We're competing with children from around the globe for jobs of the future. It's no longer the next state or the next region. It's India, China, South Korea, and Finland.
I was on Capitol Hill the other day and faced questions over how much recovery money was going to save jobs and how much was going to advance reform. I told them that in the long run reform is all about jobs. We have to educate our way to a better economy.
Yes, we have to keep teachers in the classroom and we have distributed enough money through recovery to save literally hundreds of thousands of teaching jobs around the country. But if that's all we do, then we'll miss an opportunity. The status quo today is simply not good enough. No one should be satisfied.
Now, we know the news isn't all bad, of course. We also know that children of all age groups across the country have improved their performance in reading and that younger students are posting strong gains in math. We know that achievement gaps are narrowing at the elementary school level.
We also know that college enrollment has increased for students at all income levels. And that the enrollment gap between students from low– and high–income families has shrunk by almost half. That means that more disadvantaged students have access to college, which is extremely encouraging as more and more of today's jobs in a competitive, global economy require postsecondary education.

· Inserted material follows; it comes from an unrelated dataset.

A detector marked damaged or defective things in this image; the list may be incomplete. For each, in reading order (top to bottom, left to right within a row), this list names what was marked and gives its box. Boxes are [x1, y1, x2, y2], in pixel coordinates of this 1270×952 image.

With enrollment in our K–to–12 public schools rising to all–time highs, we know challenges remain in educating a population that is growing, as we all know, but becoming increasingly diverse. The results from the long–term NAEP show that we have a lot of work left to do, particularly in raising the achievement of our students at the secondary school level, whose test scores have barely moved over the past three decades.

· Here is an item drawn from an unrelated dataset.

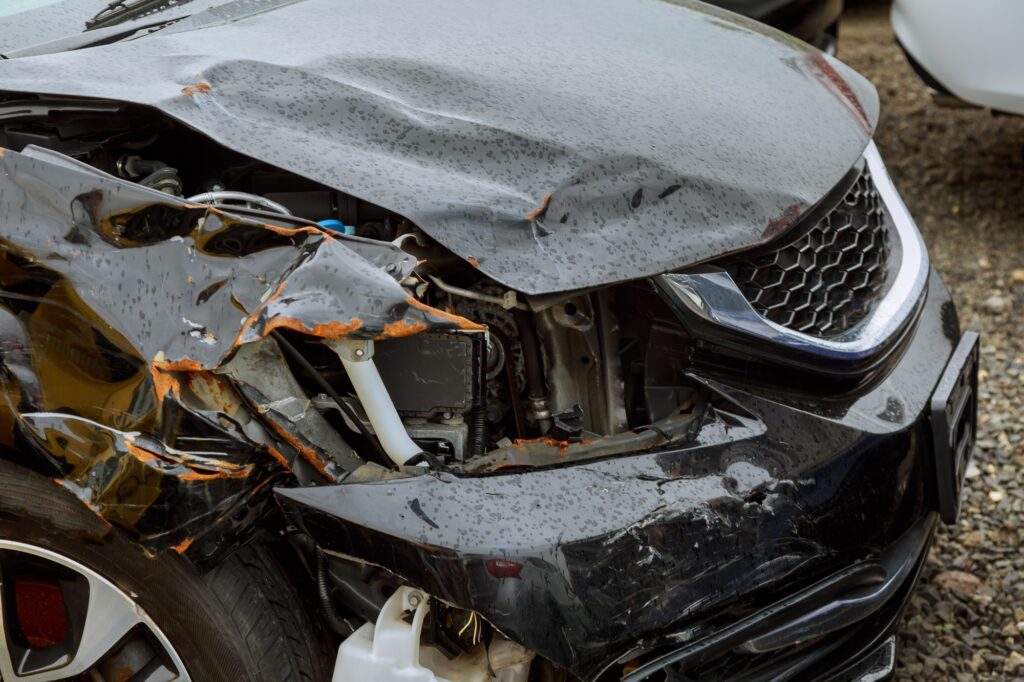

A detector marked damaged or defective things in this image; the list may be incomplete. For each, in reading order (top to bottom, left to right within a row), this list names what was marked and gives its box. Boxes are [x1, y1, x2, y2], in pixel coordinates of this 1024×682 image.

torn sheet metal [0, 0, 876, 290]
crumpled car hood [0, 0, 880, 290]
torn sheet metal [0, 146, 464, 557]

This is what we mean by transparency and absolute commitment to exposing the good, the bad, and the ugly about our current state of education.
I need your collective help to drive a national conversation that is above partisan policy disputes, beyond wars on math and reading, and instead focuses on the facts. We need to reach some agreements. We can't keep studying things without arriving at some commonly accepted conclusions.
President Truman once lamented the fact that every economist he spoke to would always say, “On the one hand things might get better, and on the other hand, things might not.” Truman finally concluded that if he wanted to find definitive advice on the economy, he was going to have to start finding some one–handed economists.
To some extent, the education community suffers from that same dynamic. For every study showing the benefits of the policy, there's another one with a different conclusion. Quite often people draw different conclusions from the same study and that's where we need to separate ideology from analysis.
I recently spoke to education writers about the search for truth in education. I challenged them to go beyond the ideological statements and the surface conclusions and find out what is really happening for our children in our classrooms.
It's kind of like the debate around charter schools. Advocates say they outperform traditional schools. Opponents say they don't. The plain facts show that some charter schools do, and some of them don't. But rather than acknowledge the obvious, we devolve into an ideology debate and somehow forget that this is about children and learning. If something helps children, let's do it.
That's where all of you come in with the research and the facts. Education reform is not about sweeping mandates or grand gestures. It's about systematically examining and learning and building on what we're doing right and scrapping what hasn't worked for our children.
IES and its grantees are uniquely able to contribute to this effort. You are staffed with world–class researchers and skilled statisticians. You have high standards both for evaluating program effectiveness and for the publications you produce. I want to tell you what we're doing to support data–driven instruction and research.
In addition to $250 million in the Recovery Act for statewide data systems, we have requested nearly $690 million for IES' activities, an increase of more than $70 million from last year's budget.
Among other things, that money will pay for a longitudinal study of teachers and an international assessment of adult competencies. We will also launch a national survey to examine the participation of our youngest learners in preschool as well as the levels of parent and family involvement in education.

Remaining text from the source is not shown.